How Popular is Matplotlib?#
Anecdotally the Matplotlib maintainers were told
“About 15% of arXiv papers use Matplotlib”
arXiv is the preeminent repository for scholarly prepreint articles. It stores millions of journal articles used across science. It’s also public access, and so we can just scrape the entire thing given enough compute power.
You can download this jupyter notebook
to follow along.
Watermark#
Starting in the early 2010s, Matplotlib started including the bytes b"Matplotlib"
in every PNG and PDF that they produce. These bytes persist in PDFs that contain Matplotlib plots, including the PDFs stored on arXiv. As a result, it’s pretty simple to check if a PDF contains a Matplotlib image. All we have to do is scan through every PDF and look for these bytes; no parsing required.
Data#
The data is stored in a requester pays bucket at s3://arxiv and on GCS hosted by Kaggle.
The data is about 1TB in size. We’re going to use Dask for this.
This is a good example of writing plain vanilla Python code to solve a problem, running into issues of scale, and then using Dask to easily jump over those problems.
Before you start#
You’ll first need to install the necessary packages. For the purposes of this example, we’ll do this in a new virtual environment, but you could also install them in whatever environment you’re already using for your project.
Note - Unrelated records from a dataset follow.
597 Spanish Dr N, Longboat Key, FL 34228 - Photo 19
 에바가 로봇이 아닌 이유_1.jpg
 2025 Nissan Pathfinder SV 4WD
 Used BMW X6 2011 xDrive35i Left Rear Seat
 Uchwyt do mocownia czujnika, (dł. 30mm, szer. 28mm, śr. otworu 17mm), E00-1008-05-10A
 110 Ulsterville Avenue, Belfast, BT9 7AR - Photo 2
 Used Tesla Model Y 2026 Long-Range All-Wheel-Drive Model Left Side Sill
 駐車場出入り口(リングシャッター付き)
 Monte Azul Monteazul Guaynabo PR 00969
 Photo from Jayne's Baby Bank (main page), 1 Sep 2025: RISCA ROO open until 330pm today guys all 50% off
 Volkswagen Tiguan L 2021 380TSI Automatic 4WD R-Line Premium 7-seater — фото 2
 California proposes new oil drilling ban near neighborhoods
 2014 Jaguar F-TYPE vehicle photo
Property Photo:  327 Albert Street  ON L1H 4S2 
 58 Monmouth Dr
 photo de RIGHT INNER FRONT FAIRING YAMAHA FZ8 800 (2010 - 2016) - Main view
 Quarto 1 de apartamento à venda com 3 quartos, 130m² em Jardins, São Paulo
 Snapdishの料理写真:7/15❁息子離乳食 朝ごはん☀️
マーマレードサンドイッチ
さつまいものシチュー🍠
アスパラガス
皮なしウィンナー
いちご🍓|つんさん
conda create -n coiled-arxiv -c conda-forge python=3.10 coiled dask s3fs matplotlib
conda activate coiled-arxiv
You also could use pip
for everything, or any other package manager you prefer; conda
isn’t required.
When you later create a Coiled cluster, your local coiled-arxiv
environment will be automatically replicated on your cluster.
Get all filenames#
Our data is stored in a requester pays S3 bucket in the us-east-1
region. Each file is a tar file which contains a directory of papers.
import s3fs
s3 = s3fs.S3FileSystem(requester_pays=True)
directories = s3.ls("s3://arxiv/pdf")
directories[:10]
['arxiv/pdf/arXiv_pdf_0001_001.tar',
'arxiv/pdf/arXiv_pdf_0001_002.tar',
'arxiv/pdf/arXiv_pdf_0002_001.tar',
'arxiv/pdf/arXiv_pdf_0002_002.tar',
'arxiv/pdf/arXiv_pdf_0003_001.tar',
'arxiv/pdf/arXiv_pdf_0003_002.tar',
'arxiv/pdf/arXiv_pdf_0004_001.tar',
'arxiv/pdf/arXiv_pdf_0004_002.tar',
'arxiv/pdf/arXiv_pdf_0005_001.tar',
'arxiv/pdf/arXiv_pdf_0005_002.tar']
len(directories)
7562
There are lots of these
s3.du("s3://arxiv/pdf") / 1e12
3.953831324131
Process one file with plain Python#
Mostly we have to muck about with tar files. This wasn’t hard. The tarfile
library is in the stardard library. It’s not beautiful, but it’s also not hard to use.
import tarfile
import io
def extract(filename: str):
""" Extract and process one directory of arXiv data
Returns
-------
filename: str
contains_matplotlib: boolean
"""
out = []
with s3.open(filename) as f:
bytes = f.read()
with io.BytesIO() as bio:
bio.write(bytes)
bio.seek(0)
with tarfile.TarFile(fileobj=bio) as tf:
for member in tf.getmembers():
if member.isfile() and member.name.endswith(".pdf"):
data = tf.extractfile(member).read()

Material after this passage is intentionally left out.